Viver em sociedade

Eu caminhava com raiva pelas ruas da cidade, como se cada passo significasse um ato de violência, um grito, uma febre contra todos os que por mim, indiscriminadamente, passavam. Encarar a vida prática e se estabelecer na rotina— não importa quando, não importa aonde — é sempre uma dor impensável. Não que ter hábitos seja difícil. A gente se acostuma com isso. Mas o costume não é sinônimo de satisfação; e talvez antes o contrário, já que nos habituamos também à maldade, ao martírio, à religiosidade. É tudo uma questão de exposição; exposição ao horrendo, ao sacrifício.

Nós, seres humanos, somos nômades; sempre fomos. É isso que nos define, nos honra e apetece. Somos caminhantes dotados de apetites brutais, de amor pela terra, desejo de céu. Apaziguar esse ímpeto é justificar essa condição desigual e inexata, essa definição fraca e humilhante, esse jeito idiota de denominar o que somos: sociedade. O que sobrou de nós é só um sopro do que já fomos; e todo mundo, em algum momento, já intuiu isso.

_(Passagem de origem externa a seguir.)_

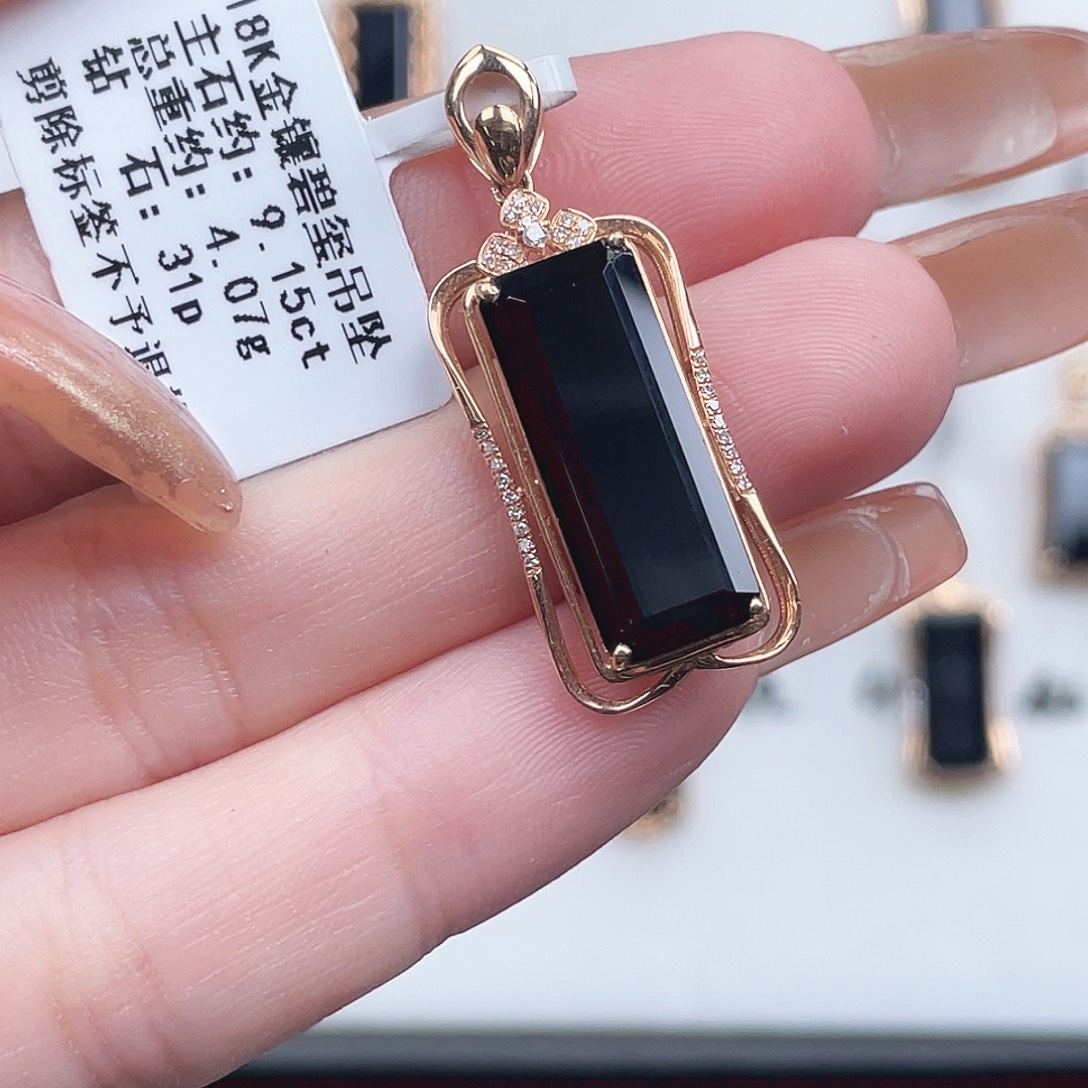 18K金镶嵌吊坠(不含链)碧玺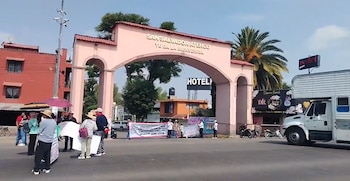 Los manifestantes exigen atención a su demanda de agua potable. (Crédito: X | Captura de pantalla)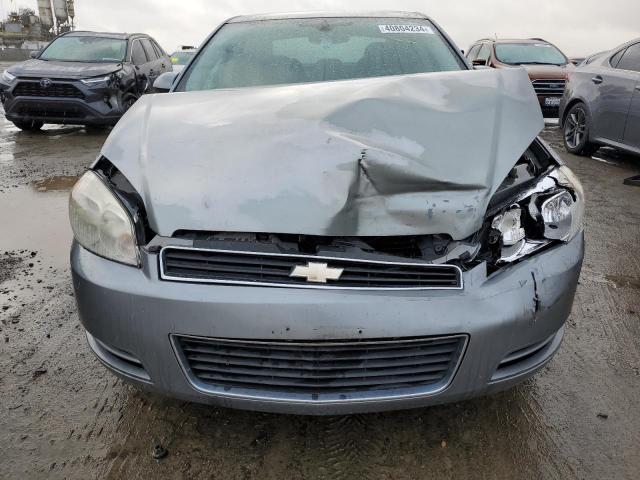 Photo 4 VIN: 2G1WB55K189175072 - CHEVROLET IMPALA 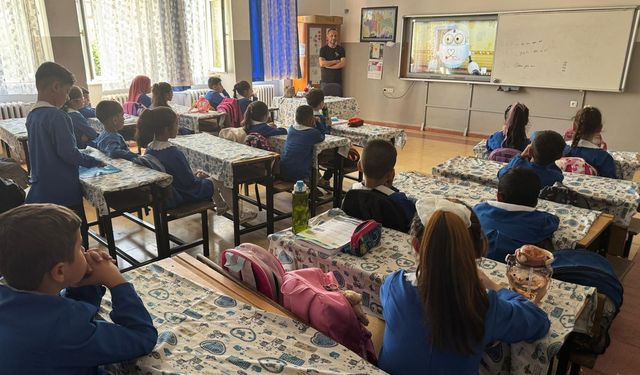 Siirt'te ilkokul öğrencilerine ağız ve diş sağlığı eğitimi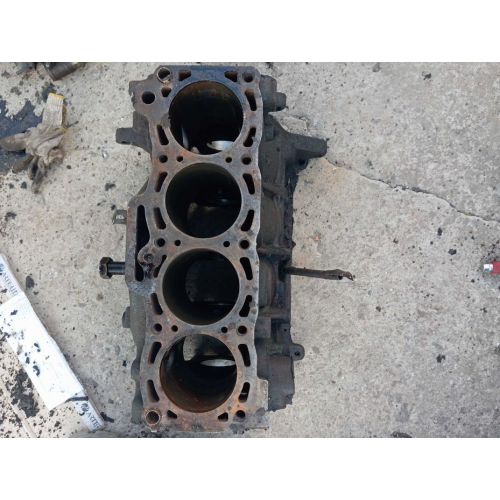 Блок двигуна голий FE Mazda 626 GD 2.0 бензин 1987 2.0 л.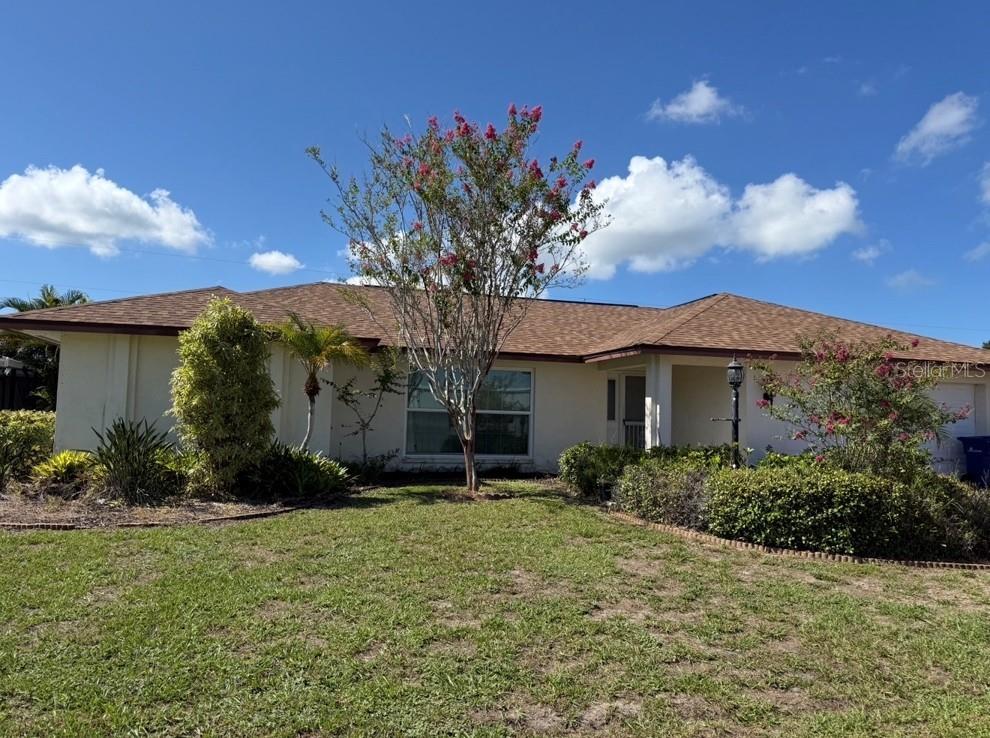 Photo 2 of Single family home for sale at 386 Pineview Dr, Venice, FL 34293 | MLS# N6145545 | Listing updated on 2026-09-02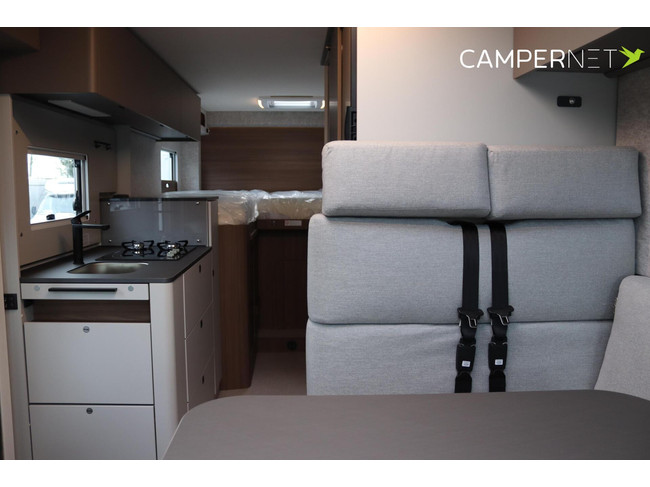 LMC Cruiser 740 EL 140hp Automatic | New model! | Single beds | Diesel heating | New from stock | photo: 10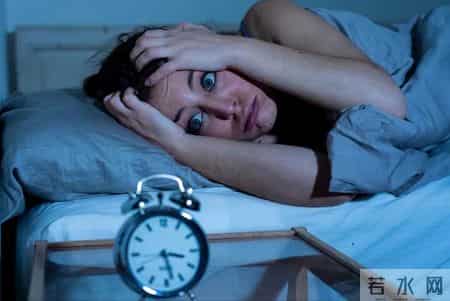 多名医生发现：脑出血抢救过来的人，基本都有这3共性，要谨记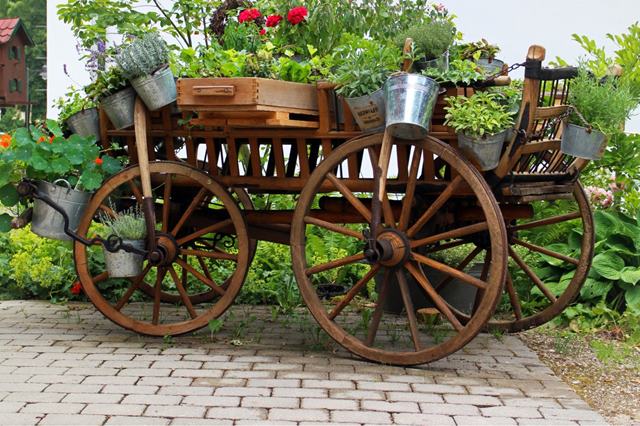 horse carriage garden decor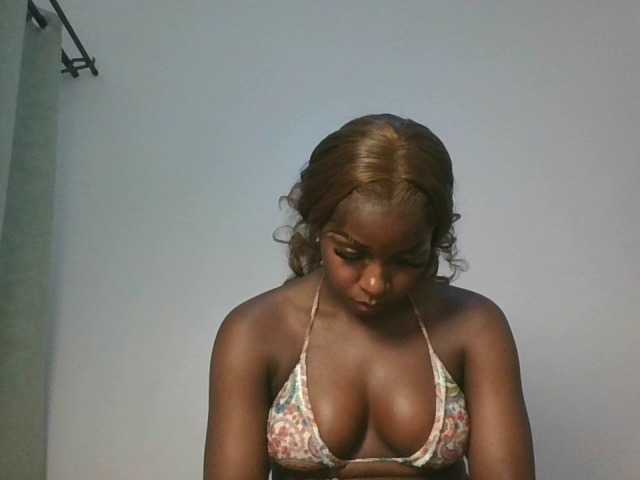 Sexykitten1 live cam on BongaCams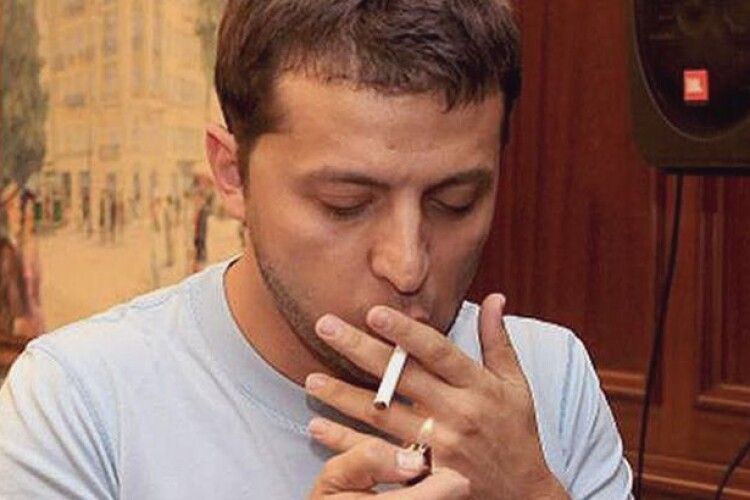Зеленського просять щонайменше у 10 разів підняти штрафи за куріння у заборонених місцях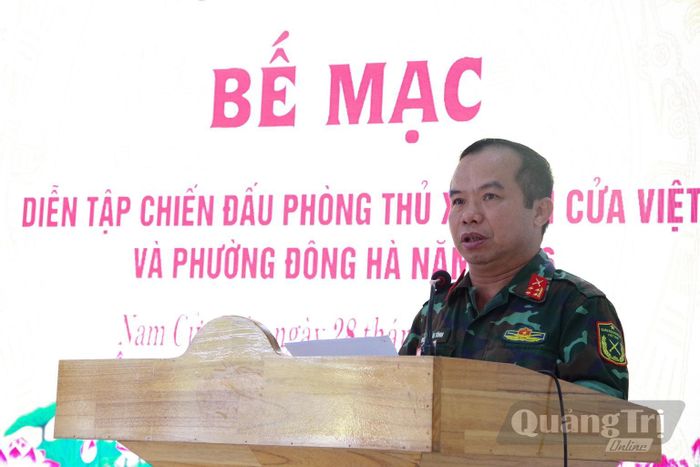 Đại tá Nguyễn Tài Tình, Phó Chỉ huy trưởng-Tham mưu trưởng Bộ Chỉ huy Quân sự tỉnh, Phó trưởng Ban Thường trực Ban Tổ chức, Tổng đạo diễn diễn tập đánh giá kết quả diễn tập - Ảnh: X.D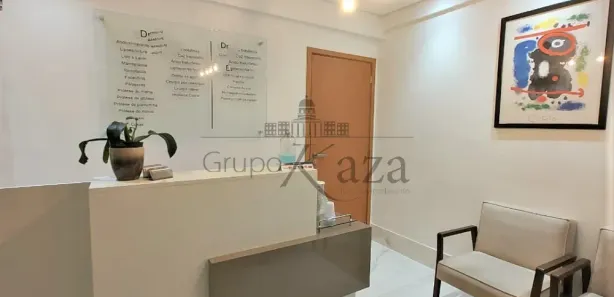Conjunto Comercial / Sala para alugar, 76m² no Centro, Jacareí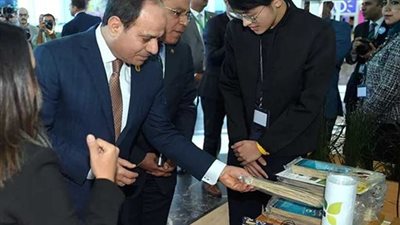 الرئيس السيسي يتفقد منطقة رواد الأعمال بمنتدى شباب العالم في شرم الشيخ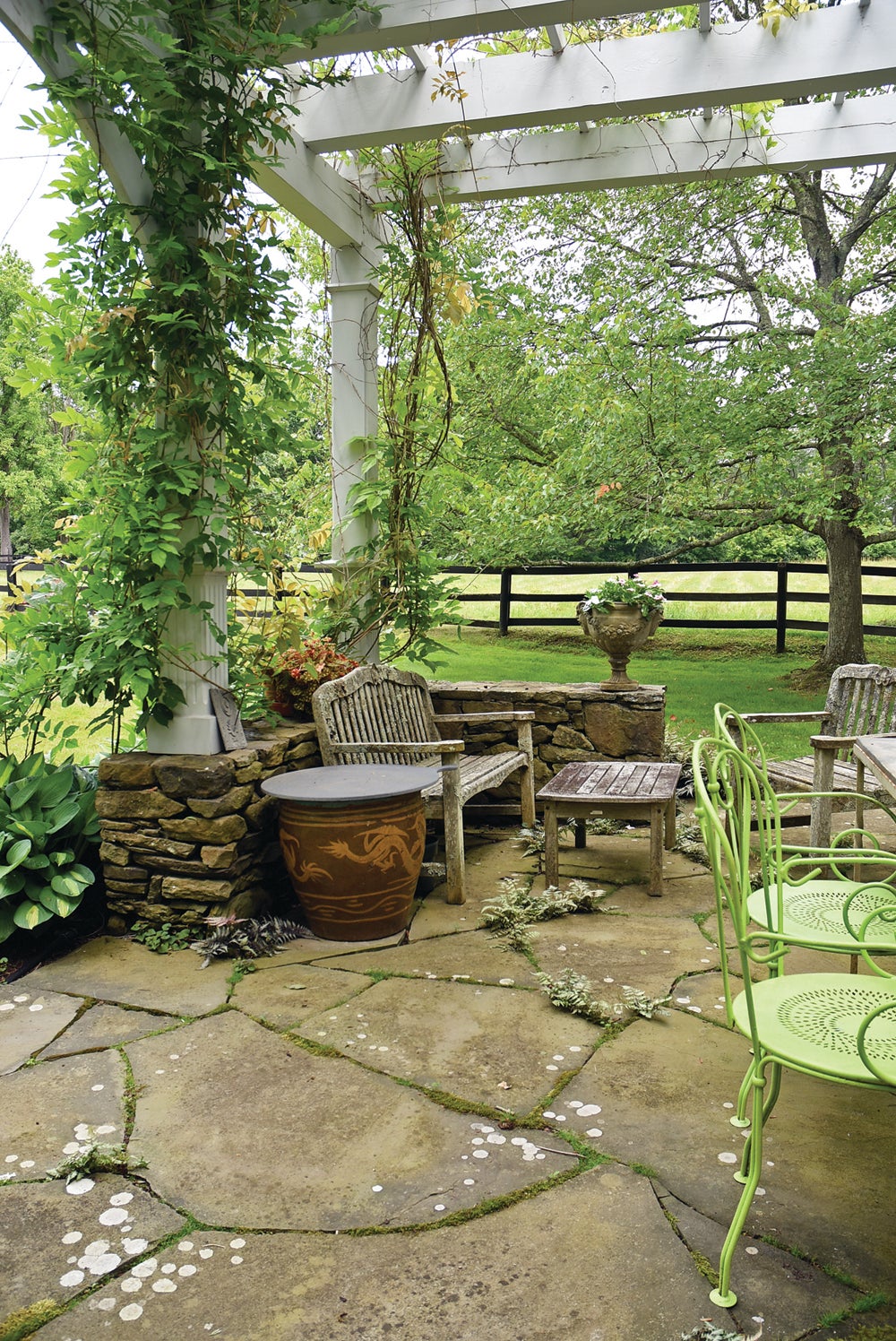 2_farmhouse_garden_pergola_tovahmartin_im.jpg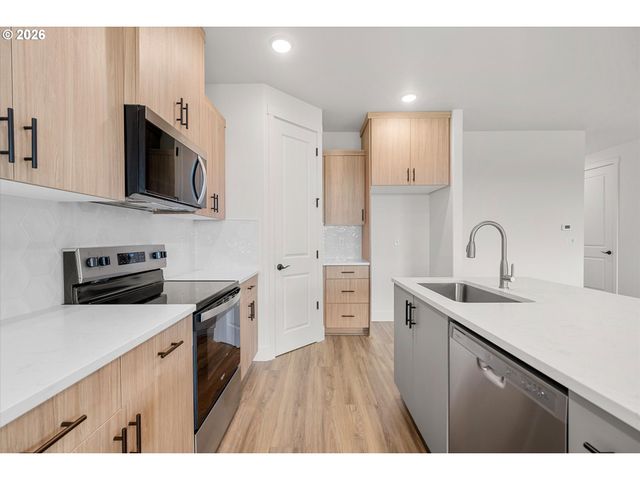 16017 Barlow Trail Ln, Oregon City, OR 97045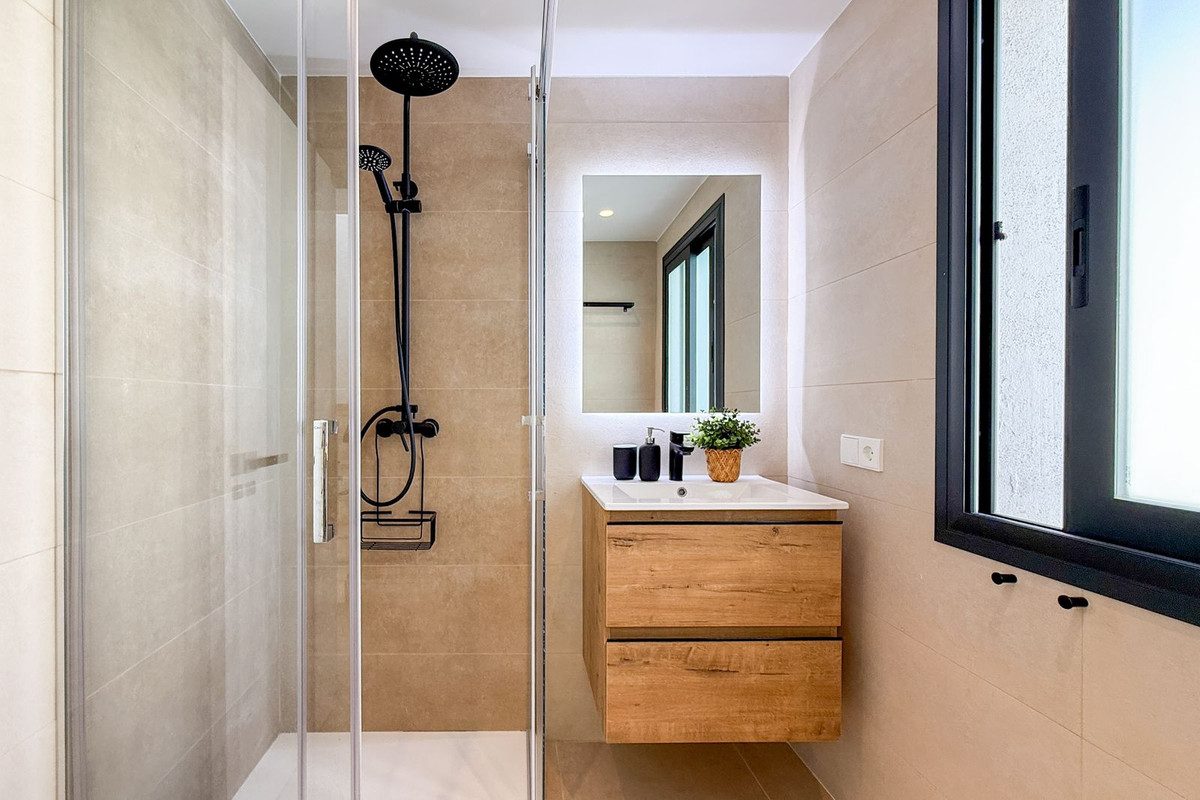 Townhouse in El Paraiso, Costa del Sol – 3 beds – 549000 € - photo 32 of 46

E assim, vivendo a raiva que consome o meu dia, eu sempre retomo os afazeres, as obrigações que me esmagam. Fazendo o que preciso e quando preciso, eu posso parecer, aos olhos do observador comum, alguém que sente e experimenta a vida social como todo mundo. E deve parecer que é isso mesmo, ao ponto de fazer com que, eventualmente, os outros me olhem como um modelo e um consolo, um respiro de fé na ideia de que uma vida em comunidade é um acerto. Mas não é esse o sentimento que ocupa a minha mente; e só eu entendo isso, porque é em mim que mora o medo e o horror de me ver contrariando os meus próprios desejos, o meu egoísmo. Quero cuidar de mim e dos meus. Quero sair com a minha família e não me importar mais com nada e com ninguém. Mas quem tem o direito de ser o que é?

Um bicho, não, um monstro escapa dos meus olhos, varrendo os dias a procurar mais um motivo para que eu ainda possa insistir. E todos os dias esse pesadelo retorna com mais um motivo, e mais um, e mais um; porque é só assim que se pode ter fé na vida. Só assim se pode ter fé.